Importation of exotic foods and foodstuffs, however, did not diminish as the colony became more self-sufficient. It was as extensive in the late seventeenth century as it was after the Revolution; many of the same products were being sold. For example, in the summer of 1684, George Pierce, a settler in Chester County, shipped a large cargo of raisins and nutmegs to Philadelphia on the ship Bristol Merchant. Thomas Jacques, also on the same ship, sent over 150 pieces of earthenware utensils – a speculative venture doubtless destined for many a rural kitchen. Not intended for rural kitchens were the capers and olives advertised by David Evans of Phila­delphia in the American Weekly Mercury of April 1720. These costly articles garnished the culinary showpieces – the roast meats, the poached fish – gracing the tables of the affluent. But the very fact that there were customers for such trade goods in 1720 serves as evidence that elegant cooking was already being looked upon as a Phila­delphia prerogative- it remained so well into the nineteenth century.
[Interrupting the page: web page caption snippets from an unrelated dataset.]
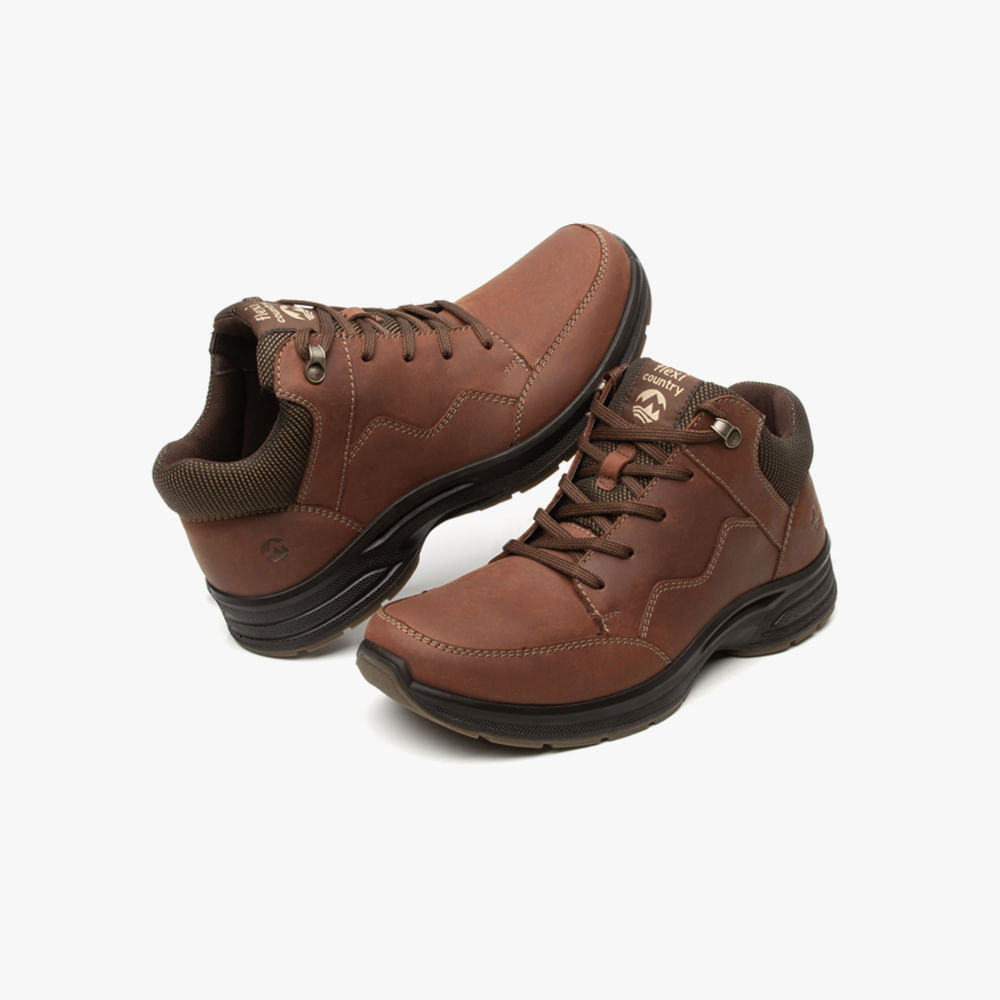 Calzado casual Flexi country marrón para caballero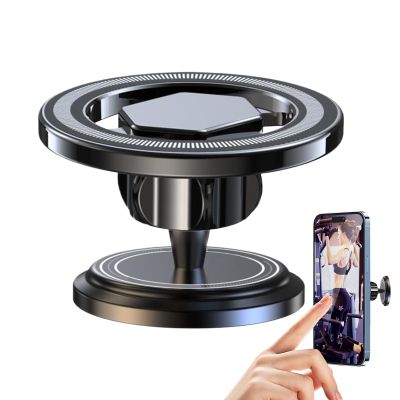 Magnetic Gym Phone Holder with Dual Magnets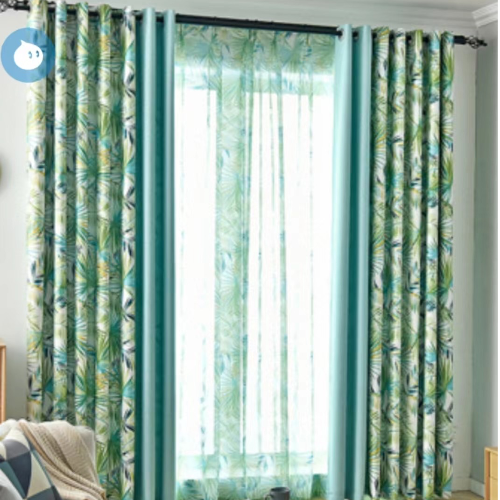 Green Shades Curtain 2pcs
Our traditional picture of the typical colonist making do under primitive circum­stances on Indian fare is altered somewhat by a con­stant flow of evidence to the contrary. Perhaps trappers did live that way, but nineteenth-century histories romanticized the poverty of the early days. As a rule, how­ever, English cultural preferences prevailed. Where supply or economics recom­mended a second choice, it was invariably the cheapest next-best thing, or something that could be disguised as the more expensive article, or a substitution that was alto­gether an improvement over the original.
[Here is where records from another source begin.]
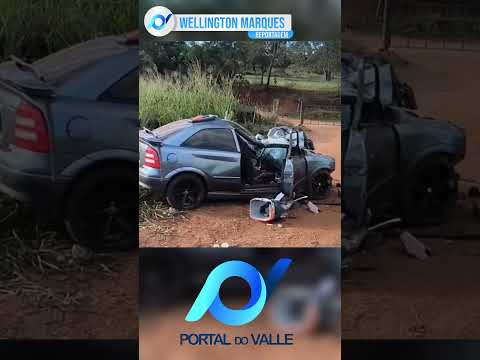 Uma tragédia na BR-153, no município de Rialma. Um acidente envolvendo dois carros deixou, infeliz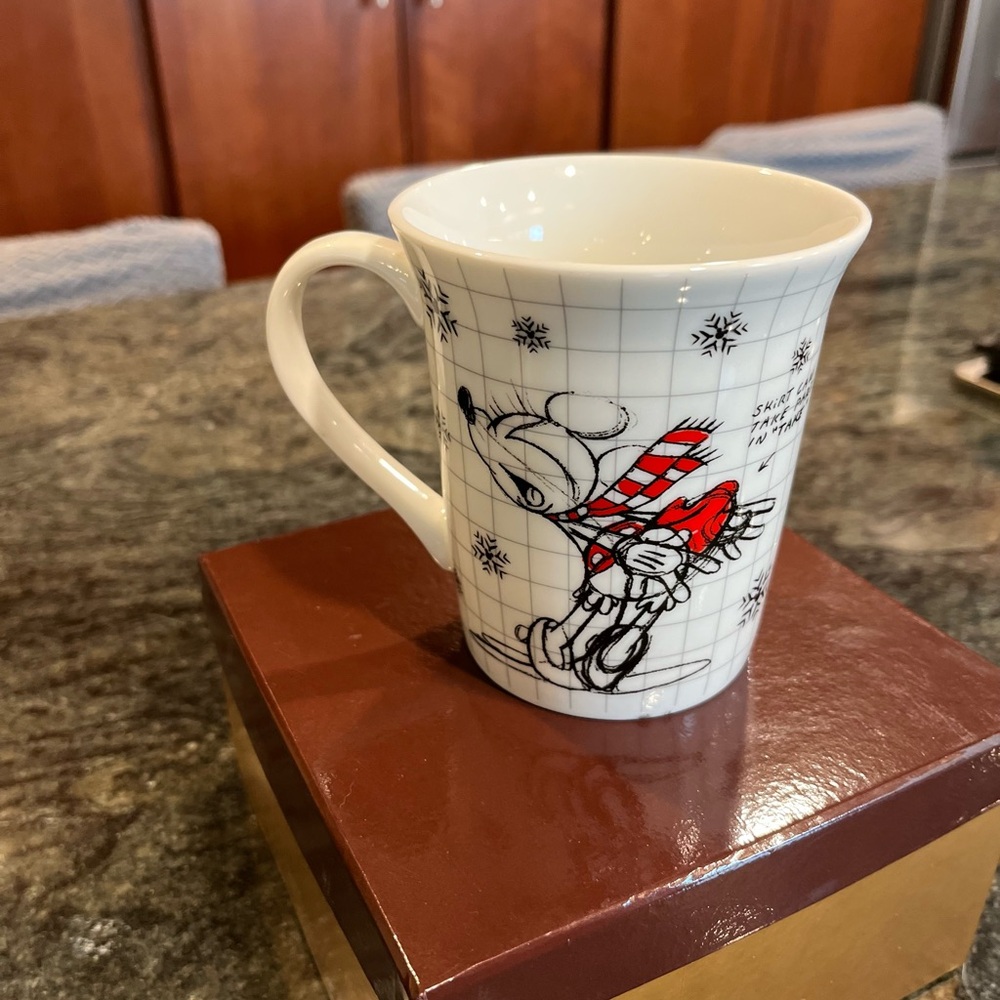 Disney Sketchbook Mugs Set Mickey & Minnie Mouse Ceramic Coffee Tea Cups New OBO - Picture 14 of 16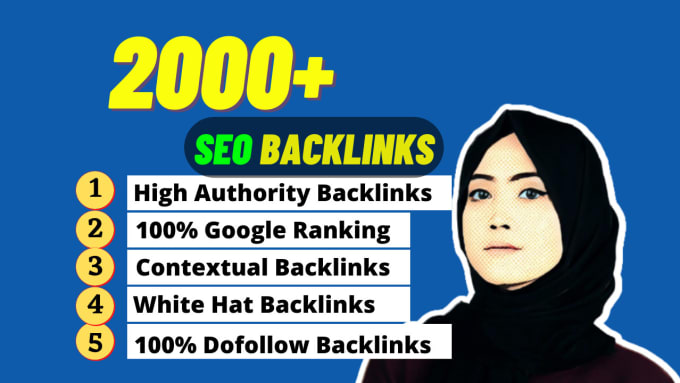 Gig Preview - Seo dofollow link building contextual web 2 0 white hat backlinks google ranking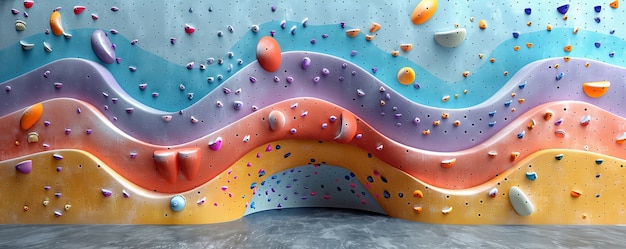 Free photo bouldering wall background for rock climbing practice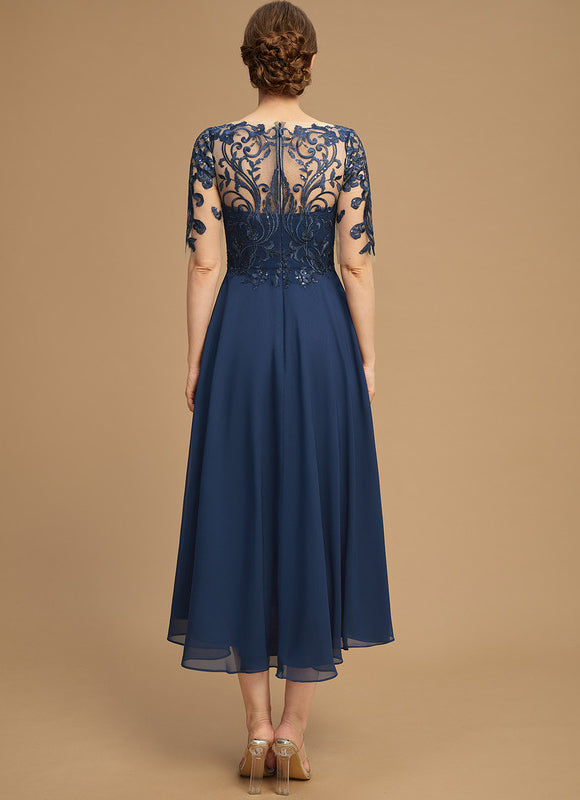Robe Asymétrique Fluide Brodée - gallery 2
In this last category falls oatmeal flummery, that is, oat­meal porridge sweetened with sugar and made rich by the addition of milk or cream. This was once a common dessert food. After the rice plantations became pro­ductive in the Southern colonies, inexpensive rice became a common trade article in Pennsylvania. It was substituted for the oatmeal in flummery, thereby making the dish not only more elegant by contemporary stan­dards, but also more popu­lar. By the nineteenth century, rice flummery had become such a culinary cliche that it fell from fashion and found itself relegated to cookery for the elderly, in much the same way that rice pudding is offered today.
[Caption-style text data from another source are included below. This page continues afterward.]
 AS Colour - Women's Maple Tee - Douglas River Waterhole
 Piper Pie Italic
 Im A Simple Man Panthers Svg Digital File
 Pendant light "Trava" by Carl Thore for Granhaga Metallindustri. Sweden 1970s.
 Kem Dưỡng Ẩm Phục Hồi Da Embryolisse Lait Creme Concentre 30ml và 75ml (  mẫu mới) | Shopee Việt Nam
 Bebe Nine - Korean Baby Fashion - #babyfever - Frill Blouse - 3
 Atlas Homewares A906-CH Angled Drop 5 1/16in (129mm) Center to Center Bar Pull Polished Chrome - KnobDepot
Naturally, flummery could be eaten hot like porridge, but it was generally the custom to allow it to cool and set. In this form it could be molded in elaborate shapes, hence its popularity as a dessert dish. A number of Philadelphia household inventories before 1715 list tin, copper and earthenware molds that could be used for this purpose. Rural inventories, however, generally lack copper utensils and very rarely mention molds until after 1800. This was due to different life­styles, different economic circumstances and certain dif­ferences in kitchen tech­nology.

In early seventeenth-cen­tury rural England, most yeoman farmers did not possess bakeovens. Bread baking was done directly on the hearth. Flat breads were often baked on the hot stones – some early Penn­sylvania farmhouses still retain immense hearthstones intact for this purpose. Otherwise, raised breads were baked in an iron kettle or by using two skillets, one upside down on the other. In either case, the utensils were covered with hot coals and left until the bread was baked. Such baking techniques were transplanted to Penn­sylvania and remained common here well into the nineteenth century.

By the middle of the seven­teenth century, well-to-do farmers in England began to acquire brick wallovens, or bread ovens as they were commonly called. There was still an aspect of novelty and status about the ownership of such ovens in late seven­teenth-century Pennsylvania, and doubtless that is one reason why colonists thought them an important part of kitchen architecture. Certainly, possession of a bakeoven was proof that one had improved one’s standard of living, because the bakeoven expanded one’s culinary repertoire.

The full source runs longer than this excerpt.